The openSUSE Release process

August 29th, 2013 by

Michal “|Miska|” Hrusecky writes this week about the openSUSE release process. He gave a talk about this subject at the openSUSE conference this year and the content of this talk is reproduced below (the marketing section, just like with the presentation, is by Jos Poortvliet).

Release Process

To get openSUSE out is a lot of work. We already shared part of what we are doing to keep Factory rolling. But as you can guess, there is much more to it. But let’s pretend it is a simple three-step process:

Step one: developing Factory

When release openSUSE, we immediately start working on the next version: a never ending story. First thing that happens during a new release cycle is coolo announcing the road map. This is the schedule of the release and important checkpoints that we have to reach on our way. After the release Factory (our development version) is not frozen anymore and people can start submitting new stuff. Usually they go crazy and submit a lot of bleeding edge and experimental packages and quite some parts of Factory will get broken.

Now comes the time for keeping Factory rolling. As one picture can say more than thousand words, take a look at how packages get into factory:

factory

A developer creates a package in his home repository and then sends it to the devel project where it get’s some basic review (depends on how the team is setup there). From there, package goes to the factory, where are several automatic checks (will mention them later) and manual review by review team. Once the package passes all these checks, it gets into Factory. And breaks something else there. So somebody has to branch it, fix it, and go through the same process now with a different package…

We’re working on documenting the Factory development process in a little more detail so you can expect a blog on that subject in the coming months!

Checking up on you…

There are several bots that check packages send to Factory. First is factory-auto, which does some basic checks regarding you spec file, rpmlint warnings and similar. If you pass this quick test, it’s time for more thorough testing. A bot named factory-repo-checker tries to actually install your package in a testing environment to make sure it is possible and it also looks for possible file conflicts, so you wouldn’t overwrite somebody elses package. Last check before a package gets in front of the review team is legal-auto. This one checks the licence (did it change? is it a new package?) and if needed calls in our legal team to take a look at the package. The final step is manual review by members of review team which will try to spot mistakes that automatic checks overlook.

Step two: freezing

We could be breaking and fixing stuff forever, but as we have to release at some point we have to do some freezes. First one is the Toolchain Freeze. When we reach that, no new version of compilers will get in, only fixes. This way the rest can fix all the new compiler warning and errors without fear of getting new ones. Next in the line is Base System Freeze which means frozen kernel, KDE, Gnome, X11 and bellow… All these are core components with many packages depending on them. The rest of packages (after getting fixed/upgraded) gets frozen last with release of Beta 1 when we reach Full Feature Freeze. At that point only fixes go in, no new versions and features or anything else that could break anything.

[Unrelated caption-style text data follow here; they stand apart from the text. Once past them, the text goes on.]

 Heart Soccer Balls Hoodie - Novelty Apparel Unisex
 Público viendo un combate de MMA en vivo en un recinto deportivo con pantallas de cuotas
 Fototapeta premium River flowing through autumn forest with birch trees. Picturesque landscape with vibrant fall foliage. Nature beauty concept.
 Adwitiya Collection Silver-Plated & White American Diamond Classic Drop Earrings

Step three: branching and selecting an ISO

As we get close to the release, Factory gets branched into separate repository, currently 13.1. Factory then gets unfrozen and starts to live it own life again. The newly born release goes through the last stabilization and deep testing phase (both manual and through openQA). Every automatically build iso gets tested until the Gold Master is selected. Gold Master has to be installable andcannot contain any critical ship stopper bugs. It still can contain known bugs, we would never release if we would wait for bug free release. But all these bugs can be fixed via updates and some of them will even get fixed before official release date. After selecting Gold Master it takes us usually about a week to get it synchronized to our mirrors and to get everything ready for the big day. In that time, developers keeps fixing bugs and when you get our fresh release, we already have many fixes ready and waiting.

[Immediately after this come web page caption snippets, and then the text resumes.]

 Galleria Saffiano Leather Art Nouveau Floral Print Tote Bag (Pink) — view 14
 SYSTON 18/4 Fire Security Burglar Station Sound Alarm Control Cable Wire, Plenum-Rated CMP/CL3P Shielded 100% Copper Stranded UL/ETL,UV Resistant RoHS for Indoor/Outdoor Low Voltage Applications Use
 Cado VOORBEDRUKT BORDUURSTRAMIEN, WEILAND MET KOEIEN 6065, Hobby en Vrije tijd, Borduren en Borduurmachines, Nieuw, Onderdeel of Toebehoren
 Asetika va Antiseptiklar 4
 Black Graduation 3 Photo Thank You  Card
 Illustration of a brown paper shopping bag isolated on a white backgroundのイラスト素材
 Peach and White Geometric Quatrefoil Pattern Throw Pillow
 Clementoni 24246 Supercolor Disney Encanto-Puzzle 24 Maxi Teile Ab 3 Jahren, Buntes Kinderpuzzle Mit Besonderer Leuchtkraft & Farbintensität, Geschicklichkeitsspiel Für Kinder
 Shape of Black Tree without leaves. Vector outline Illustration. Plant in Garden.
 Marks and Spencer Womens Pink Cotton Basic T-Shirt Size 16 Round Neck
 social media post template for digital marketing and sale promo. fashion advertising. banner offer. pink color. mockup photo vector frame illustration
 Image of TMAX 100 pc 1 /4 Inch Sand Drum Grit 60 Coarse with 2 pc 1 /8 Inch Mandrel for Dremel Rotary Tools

what I think I do marketing

Marketing process

Let’s talk release marketing now. We’ve got a HUGE list of things we work on in the marketing team.

Building excitement

There is preparation for the release, stuff we do usually in the 2 months before the release. Think about material like the release counters, posters and badges for on websites or at conferences; writing the sneak peek articles and organizing release parties.

Releasing openSUSE

Then there is the release marketing itself. We write a feature guide, extract feature highlights, create screen shots, write announcements for our news site and for the press. Then we put all of the above, combined with a list of people to be interviewed and a link to the gold master into a press kit we send one week before the release to journalists. This way we can have reviews published on the release date.
the braindumptruck

How it all comes about

All that is essentially build upon the list of new features for openSUSE. We gather the developers’ brain dumps at this wiki page. They share with us a bullet list of what changed since the previous release and how important it is for their users.

Pirates

We take these features to a pirate pad and start looking for everything that is missing (which, usually, is a lot: much of the features we don’t know about because developers don’t tell us). We gather info from the sites of projects like KDE and GNOME about their new versions and put it in. We work on the bullet points to make pretty text and we try to bring in some structure.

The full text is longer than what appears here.